1

I am using Java and wanna build two reg-expressions which would fit two different scenarios:

1:

STARTText blah, blah
\    next line with more text, but the leading backslash
\    next line with more text, but the leading backslash
\    next line with more text, but the leading backslash

until the first line does not any longer start with a backslash.

2:

Now you will see the following links for the items:
1111 leading 4 digits and then some text
2565 leading 4 digits and then some text
8978 leading 4 digits and then some text

and this block ends with an additional empty line after, e.g. 8978. But additionally I know, the block with the starting digits will repeat 10 times and then finishes.

So filtering an individual line is somehow possible, but how to do it with multiple line breaks in between?
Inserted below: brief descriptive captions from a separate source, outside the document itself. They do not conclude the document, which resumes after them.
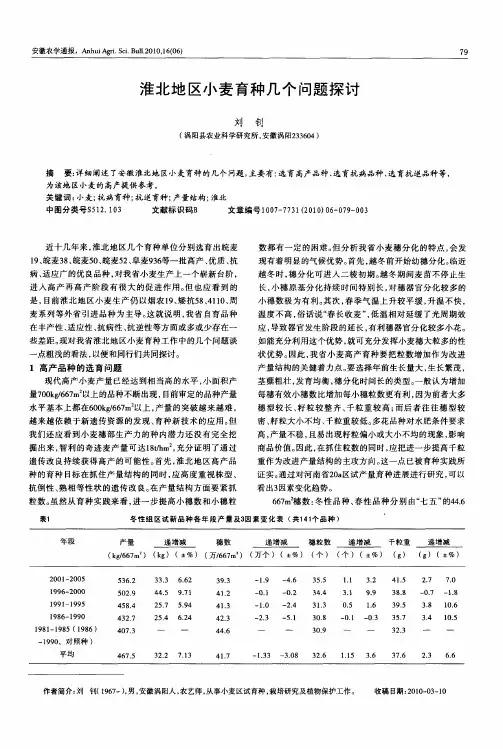 淮北地区小麦育种几个问题探讨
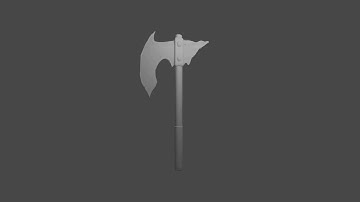 Medieval Battle Axe 3D Model Not Textured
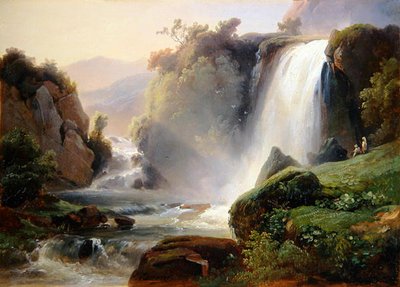 Las Cataratas de Tívoli, c.1822-25 de Jean Charles Joseph Rémond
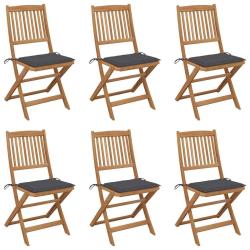 Chaises pliables de jardin lot de 6 avec coussins Bois d'acacia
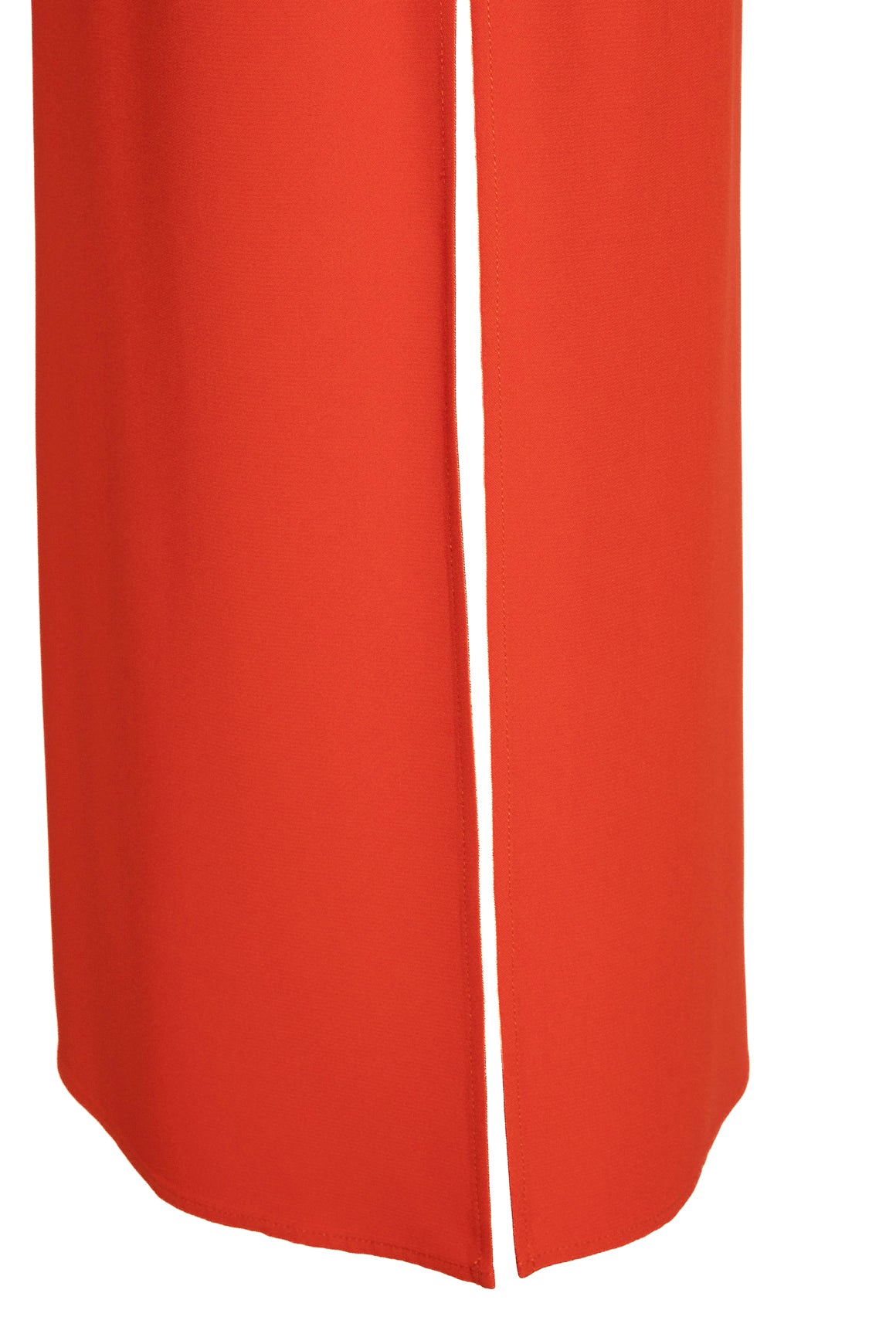 GAUCHERE Orange High Neck Top & Midi Skirt Set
And even with the first block when I don't really know when/how to end it. Also the search for the backslash. So, my approach is to have a closed expression, just one - which I could also use for replaceAll()

4 Answers 4

1

Regex 1:

/^STARTText.*?(\r?\n)(?:^\\.*?\1)+/m

Live Demo: http://www.rubular.com/r/G35kIn3hQ4

Regex 2:

/^.*?(\r?\n)(?:^\d{4}\s.*?\1)+/m

Live Demo: http://www.rubular.com/r/TxFbBP1jLJ

EDIT:

Java Demo 1: http://ideone.com/BPNrm6

Regex 1 in Java:

(?m)^STARTText.*?(\\r?\\n)(?:^\\\\.*?\\1)+

Java Demo 2: http://ideone.com/TQB8Gs

Regex 2 in Java:

(?m)^.*?(\\r?\\n)(?:^\\d{4}\\s.*?\\1)+
Sign up to request clarification or add additional context in comments.

2 Comments

Thx a lot for your effort. Unfortunately the reg-exp directly doesn't work, cause rubalar mess up the expression. But without it, it doesn't work with Java. The first regex gives me all the time java.util.regex.PatternSyntaxException. Which is unfortunately true for the second one. Since I have three other samples, I don't dig tooo deep to figure out what the problem is. Anyway thx.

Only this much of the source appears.